Segment Open

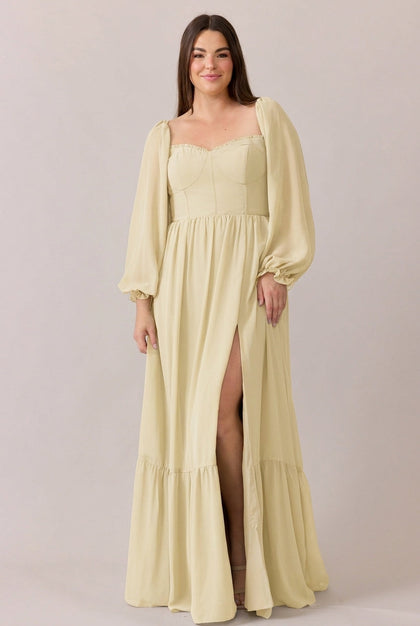 Willa Chiffon Dress | Made To Order | Pale Yellow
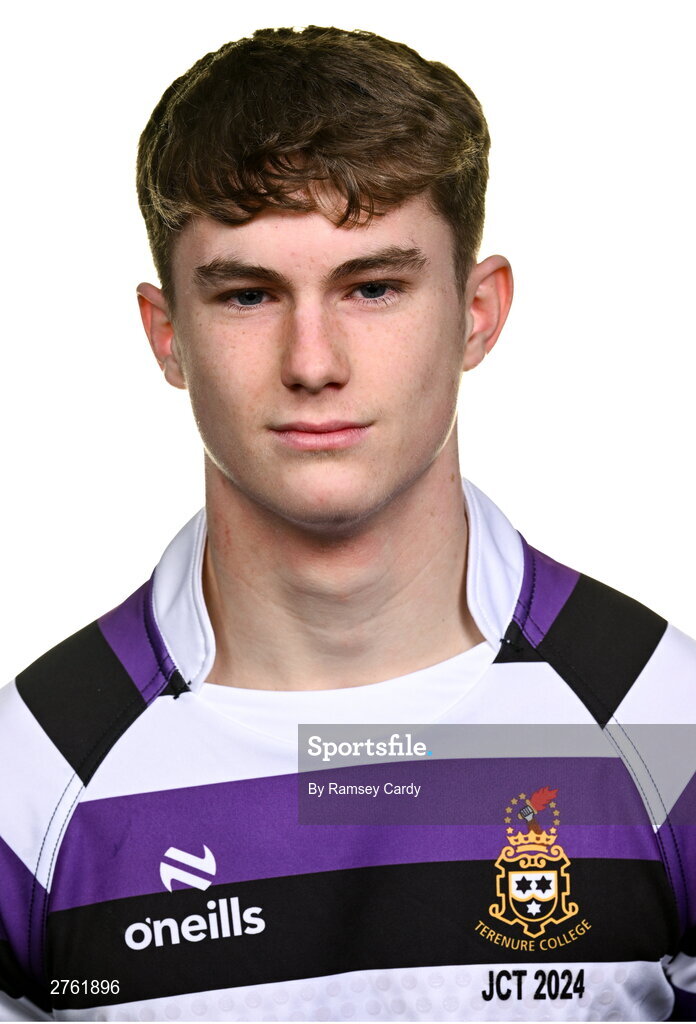 15 March 2024; Tadhg Hutchinson during a Terenure College squad portrait session ahead of their Bank of Ireland Leinster Schools Junior Cup Final. Photo by Ramsey Cardy/Sportsfile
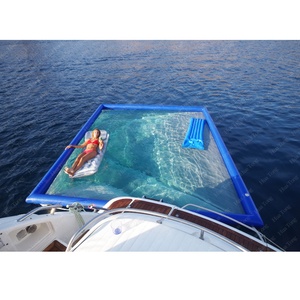 PVC海湖浮动式长方形水池充气漂浮游泳池带网 - Product Image 1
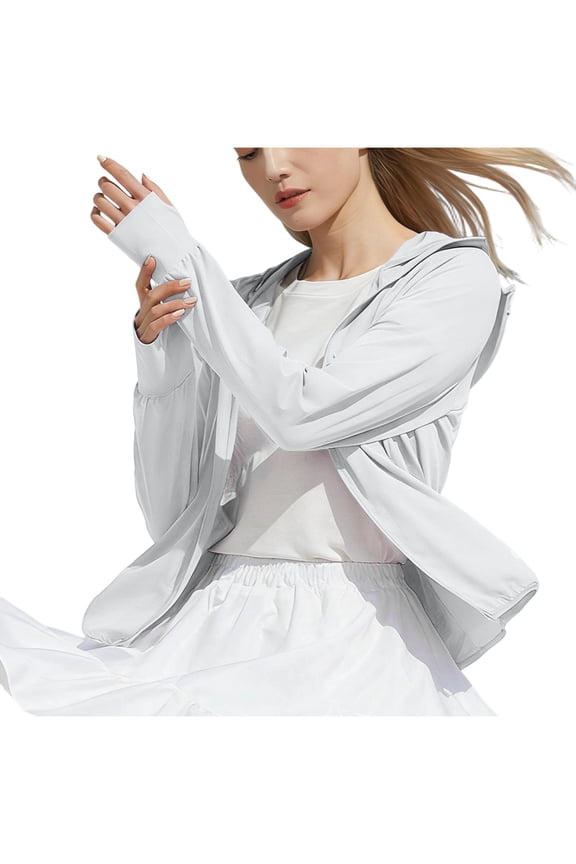 Women's UPF 50+ Swim Cover Up Sun Protection Hoodie SPF Lightweight Jacket Long Sleeve Beach Ups for Women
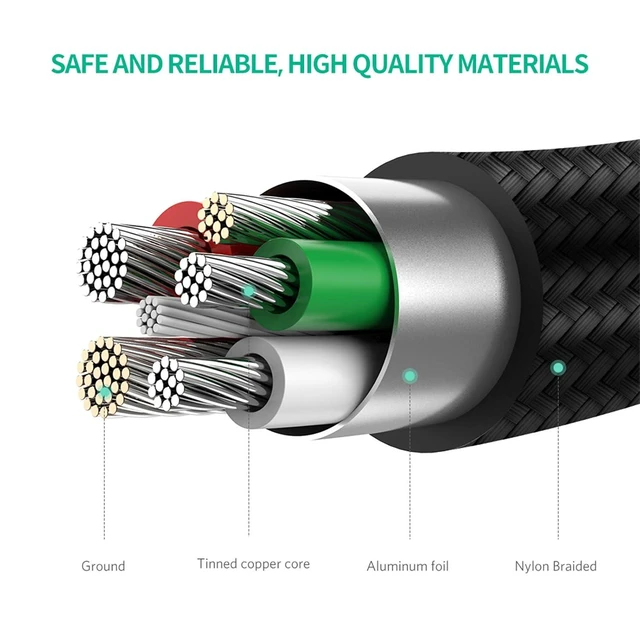 Alt view image 5 of 7 - UGREEN Micro USB Cable, 1.5FT High Speed Fast Charging USB Cable, Nylon Braided Durable Android Phone Charger Cord, Compatible with Samsung Galaxy S7 S6 Note LG V10 Tablet PS4 MP3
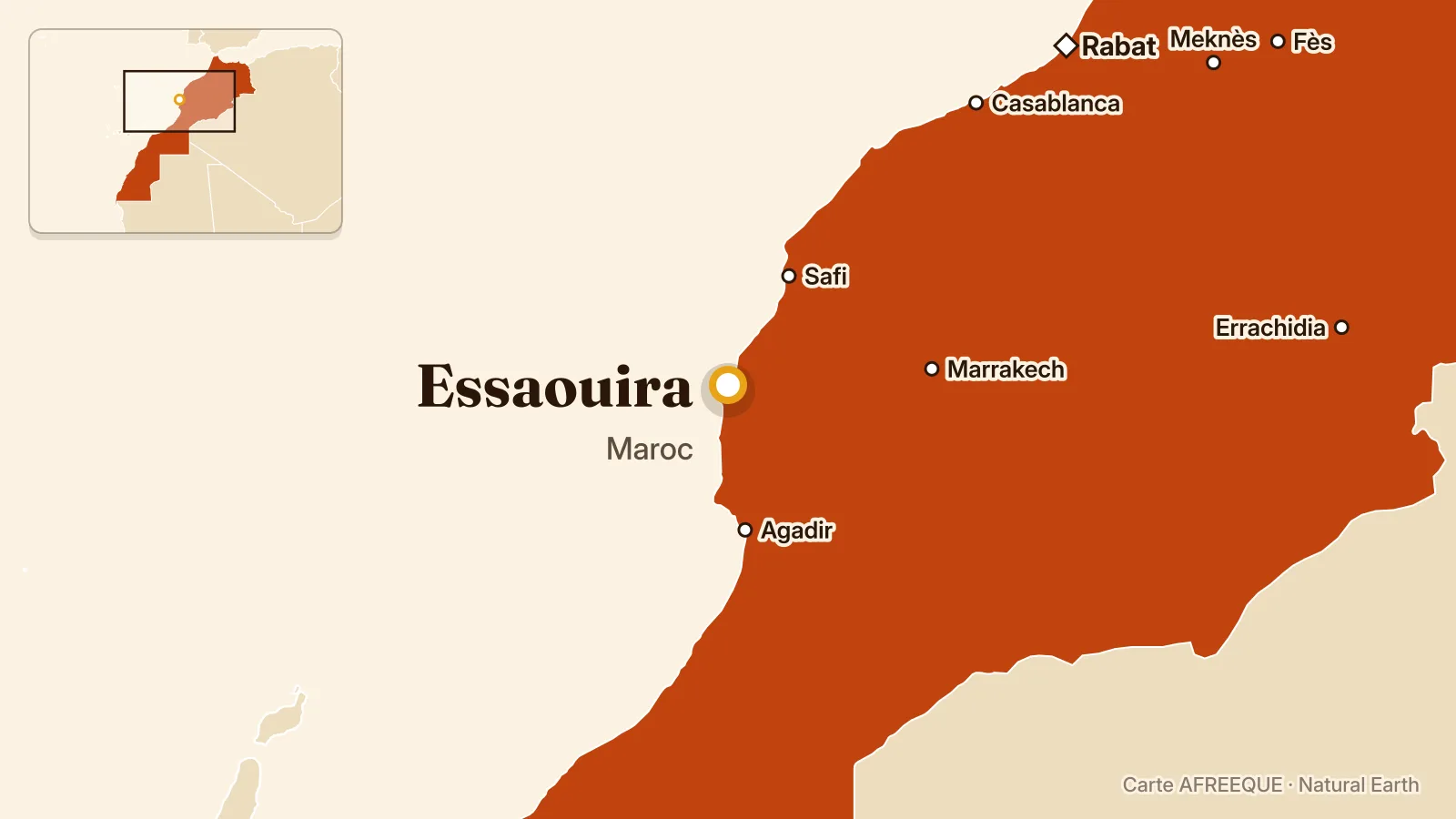 Carte : Essaouira, Maroc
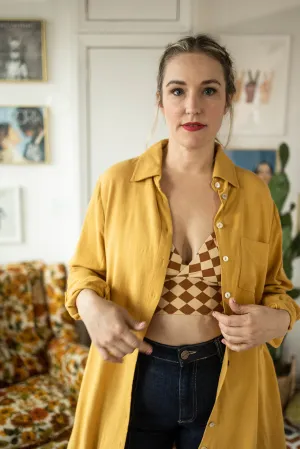baylor oversized top mustard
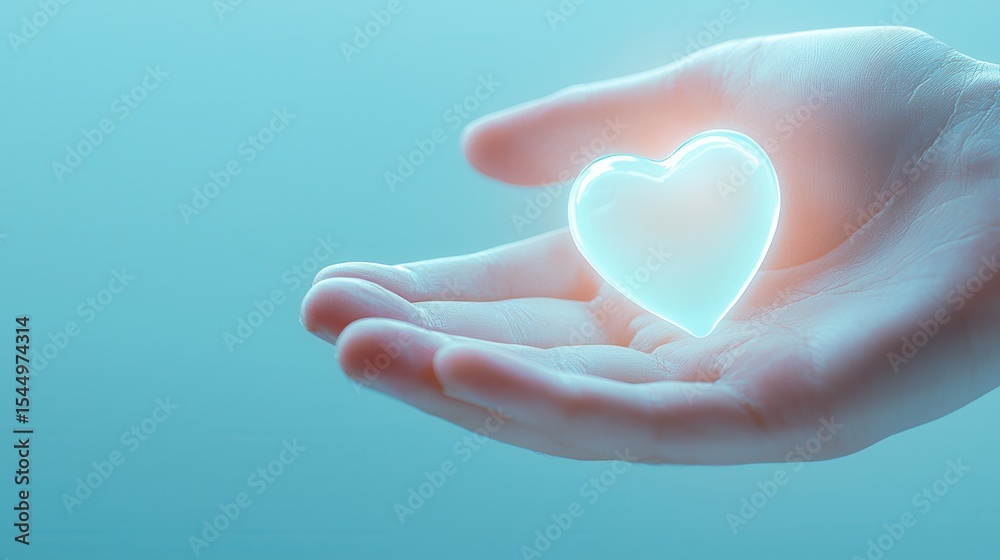 Fototapeta premium Glowing heart in hand against soft blue background symbolizing love and care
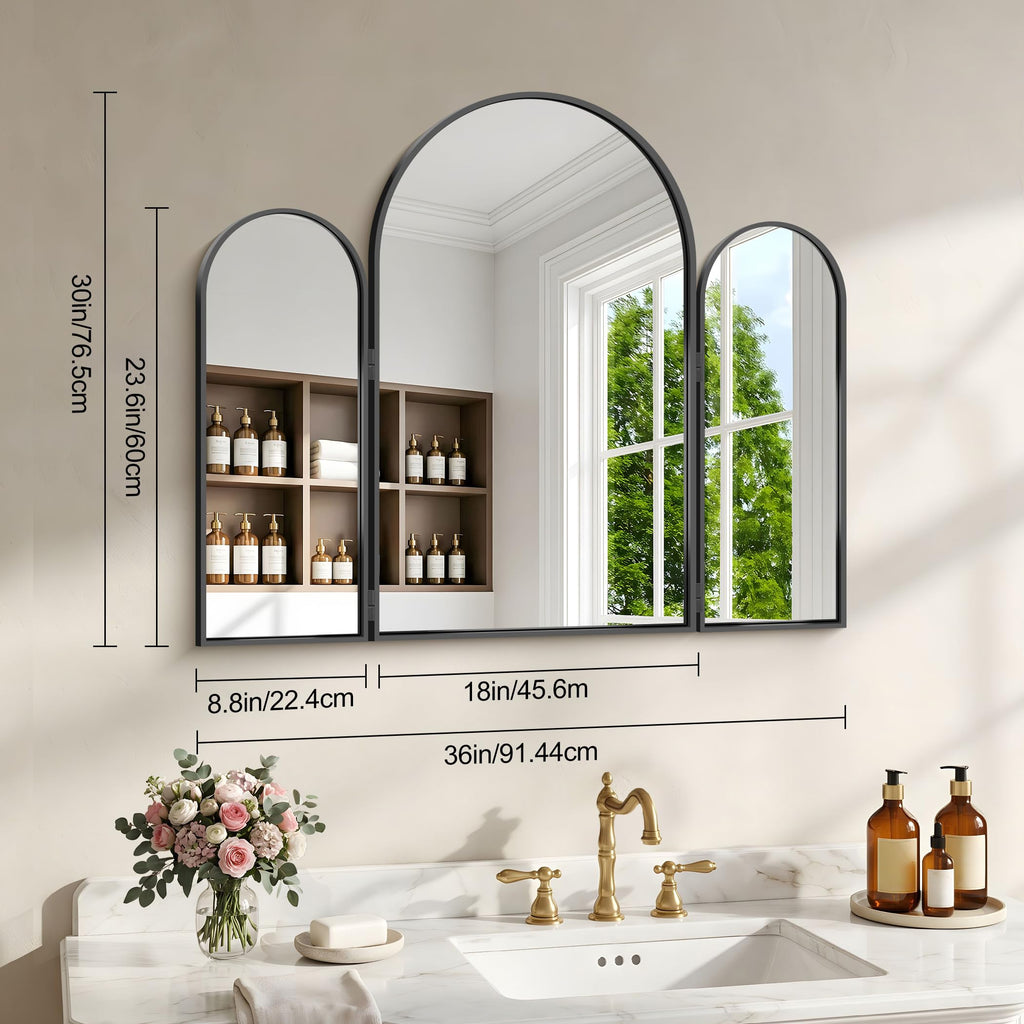 Trifold Vanity Mirror, 30x36Inch 3 Way Mirror Metal Frame, Black Tri Fold Arched Mirror Wall Mounted for Make up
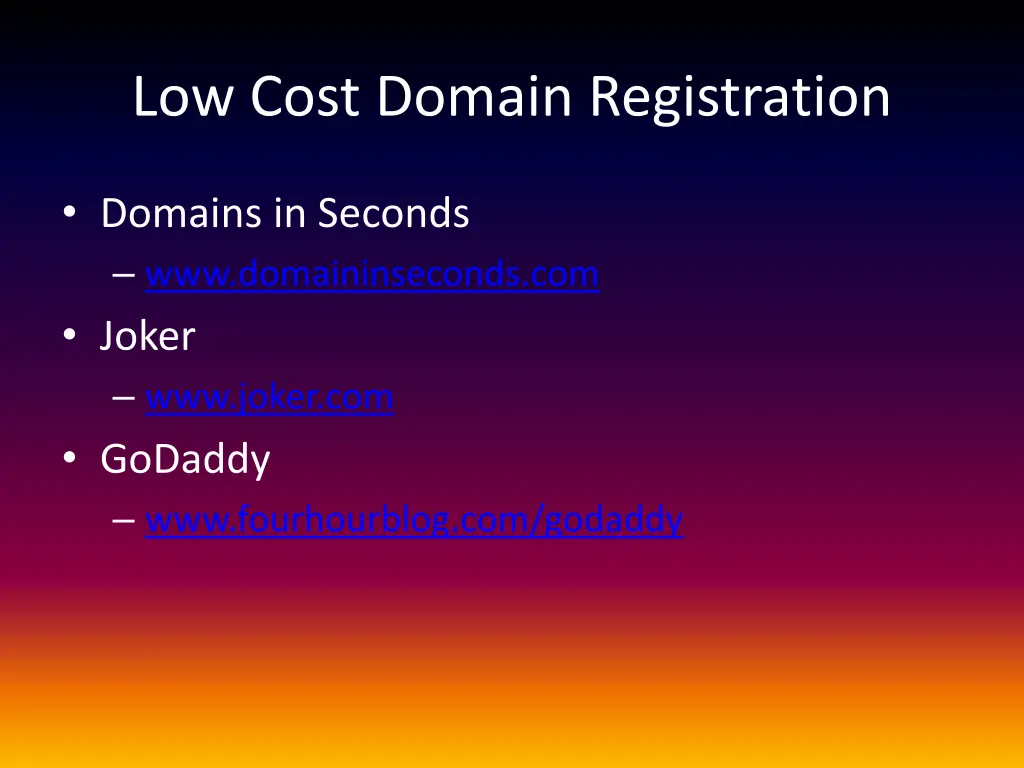low cost domain registration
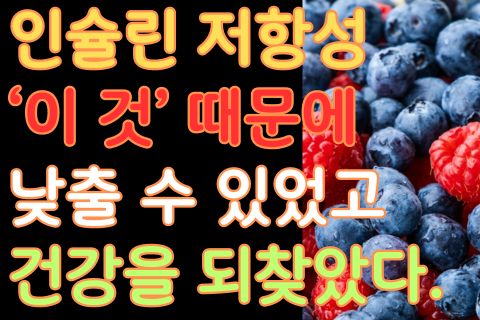 인슐린 저항성 낮춰주는 음식 5가지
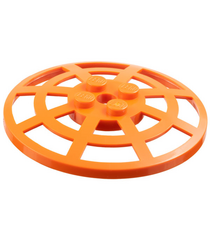 LEGO - Schotel 6 x 6 omgekeerd (radar) met raster – type 2 (onderzijde bevestiging 90 graden) - Reddish Orange | N - Thumbnail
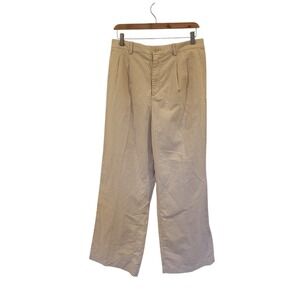 Uniqlo Linen Blend Pants High Rise Wide Leg‎ NWOT Sz M Beige Neutral Coastal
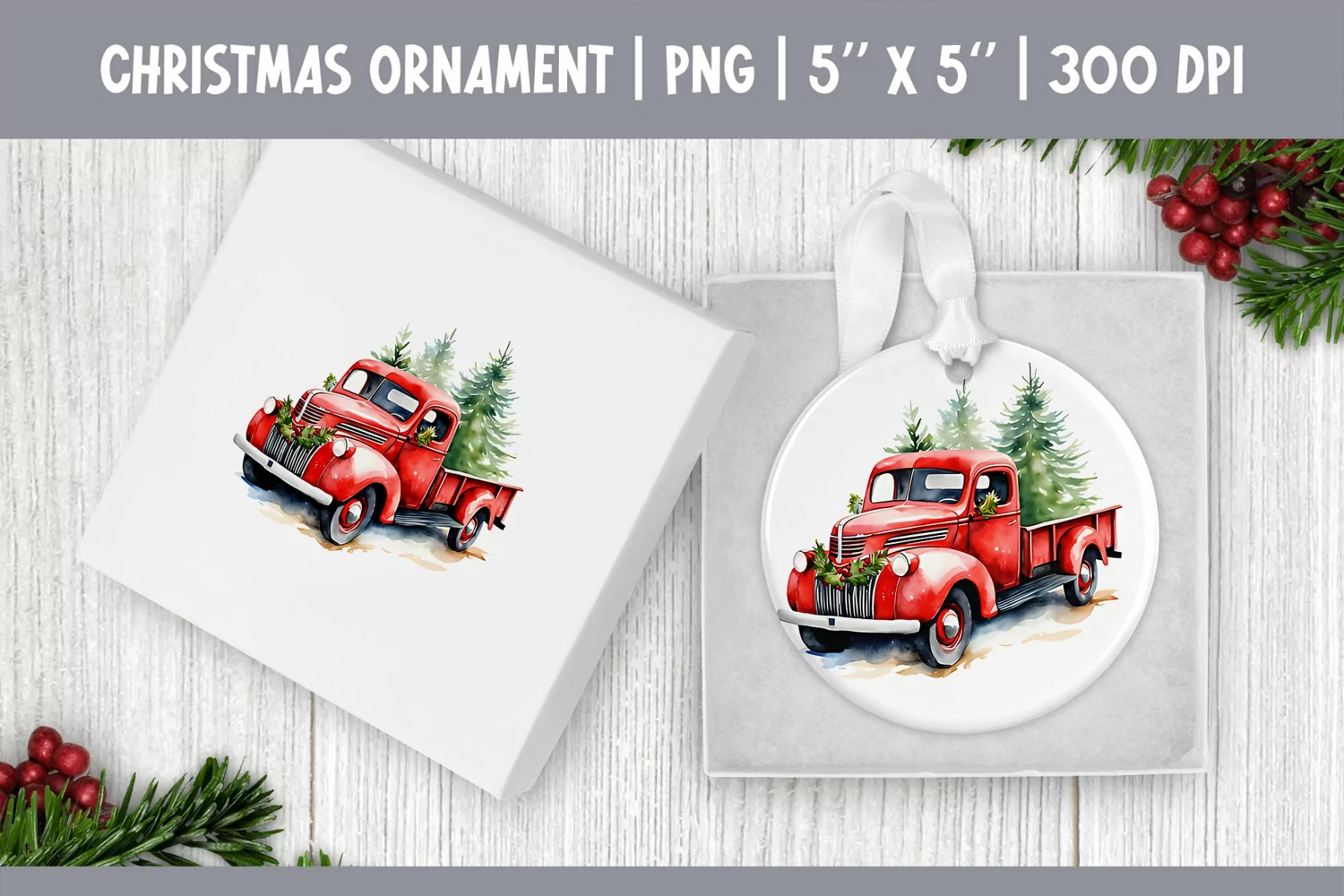 Watercolor Christmas Red Truck Ornament Sublimation Design product image 1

Segment Closed

Exercise details> Word for word, restate the lines above from the one with "Fototapeta premium Glowing" through the one with "LEGO - Schotel", keeping both ends and dropping the pictures.

Output for this task>
 Fototapeta premium Glowing heart in hand against soft blue background symbolizing love and care
 Trifold Vanity Mirror, 30x36Inch 3 Way Mirror Metal Frame, Black Tri Fold Arched Mirror Wall Mounted for Make up
low cost domain registration
 인슐린 저항성 낮춰주는 음식 5가지
 LEGO - Schotel 6 x 6 omgekeerd (radar) met raster – type 2 (onderzijde bevestiging 90 graden) - Reddish Orange | N - Thumbnail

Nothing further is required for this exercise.